The task calls for the lines below from the line with "Levi's Womens Graphic" to the line with "Women's Two Piece", both ends included, copied exactly, without any pictures.

> _The input_:
++++++
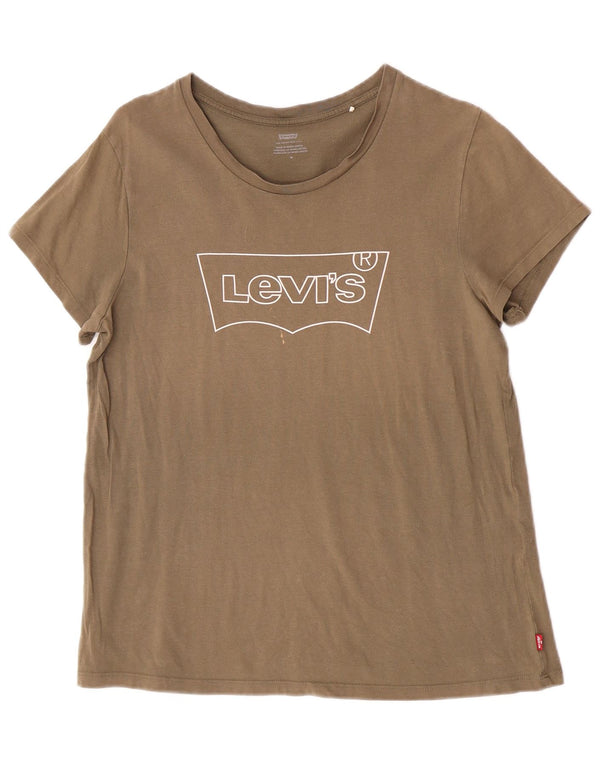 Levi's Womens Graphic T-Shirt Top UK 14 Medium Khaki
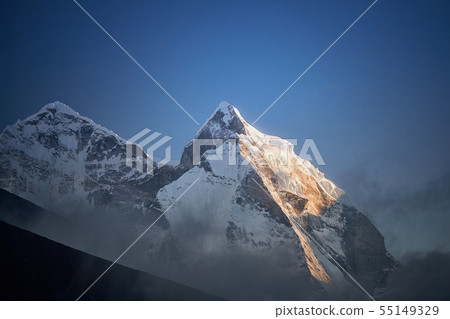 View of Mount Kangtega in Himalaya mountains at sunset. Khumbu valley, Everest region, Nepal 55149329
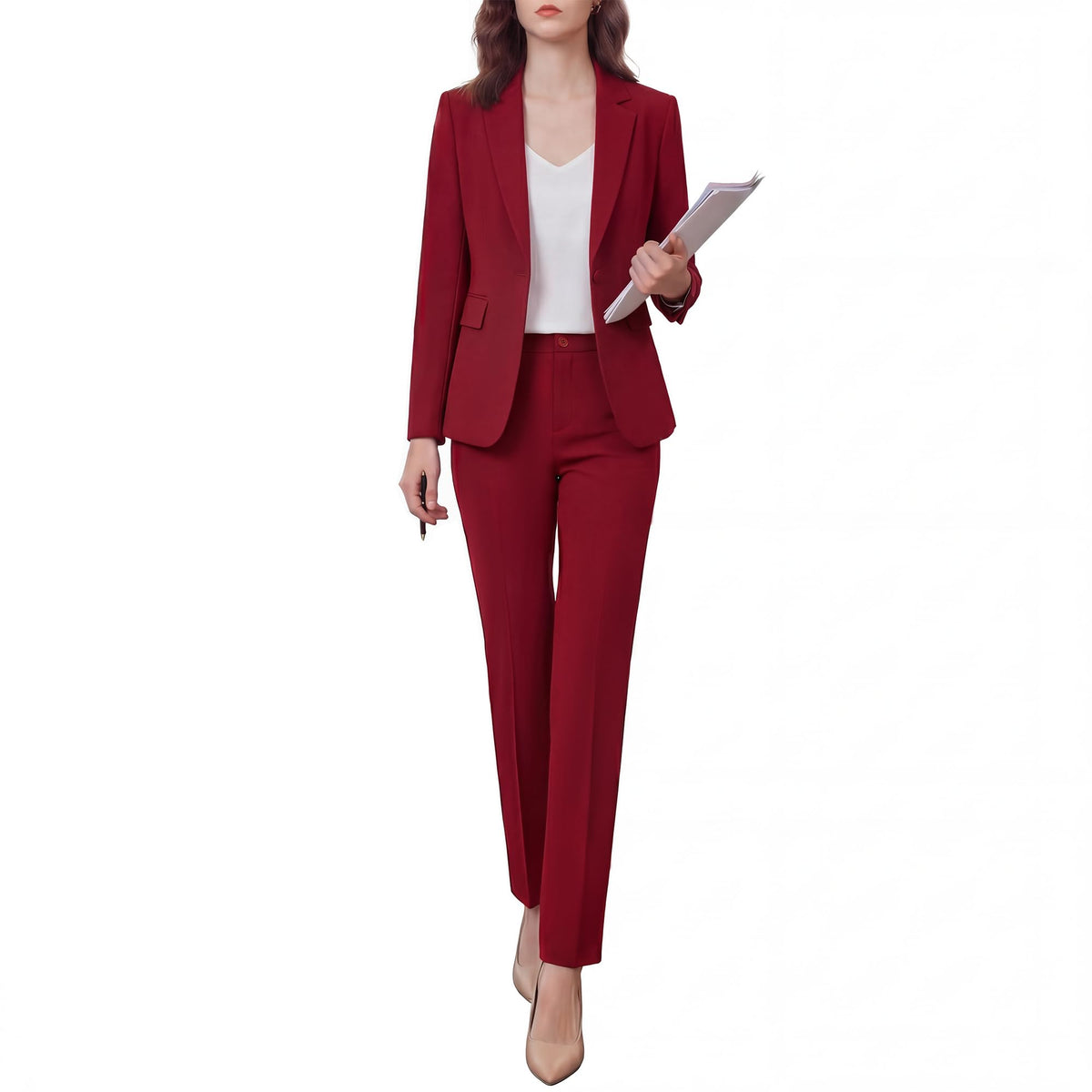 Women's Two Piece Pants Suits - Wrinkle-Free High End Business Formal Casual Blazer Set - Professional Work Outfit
++++++
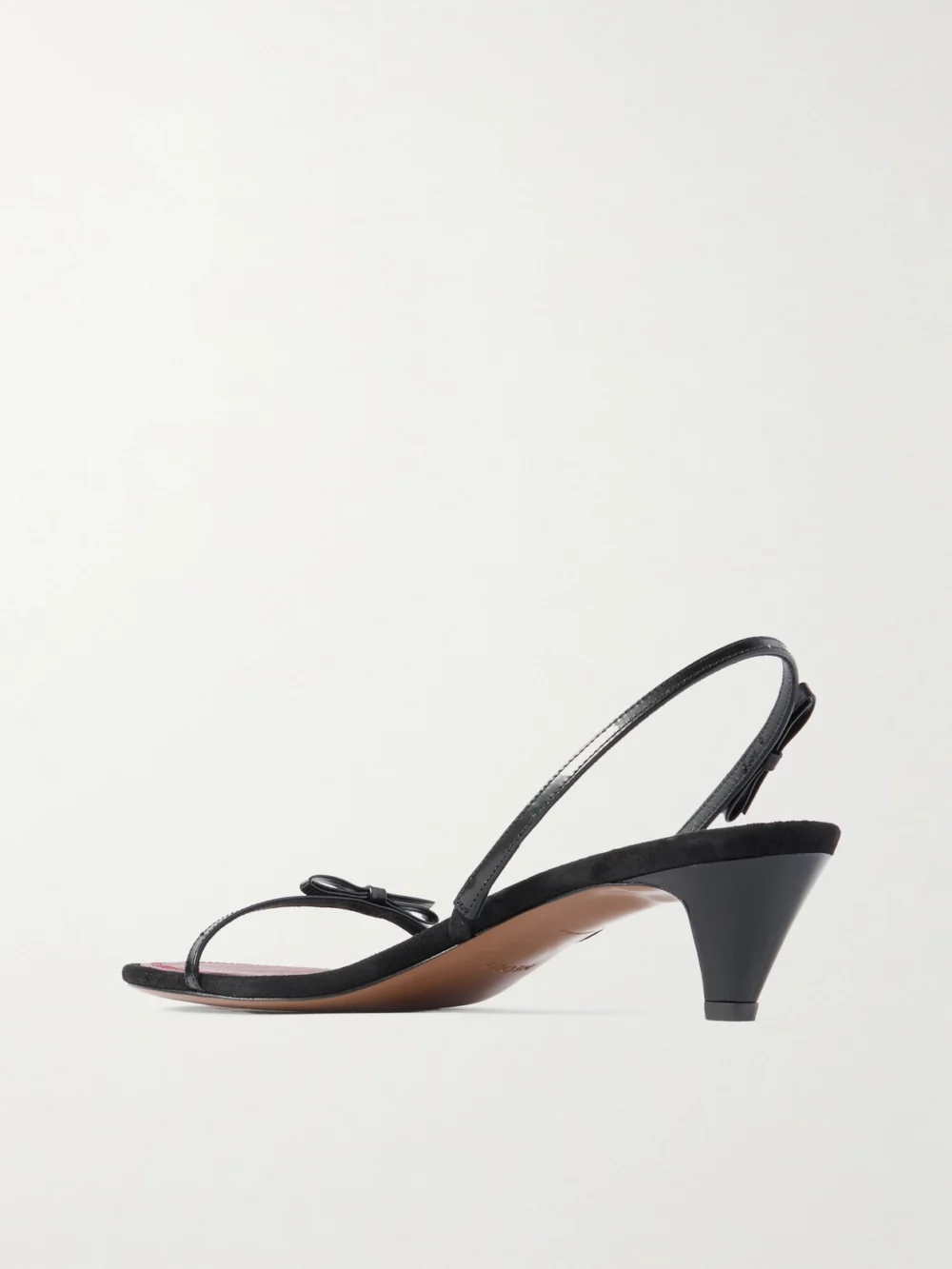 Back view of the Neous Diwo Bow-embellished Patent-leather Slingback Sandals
++++++
> _Exercise output_:
 Levi's Womens Graphic T-Shirt Top UK 14 Medium Khaki
 View of Mount Kangtega in Himalaya mountains at sunset. Khumbu valley, Everest region, Nepal 55149329
 Women's Two Piece Pants Suits - Wrinkle-Free High End Business Formal Casual Blazer Set - Professional Work Outfit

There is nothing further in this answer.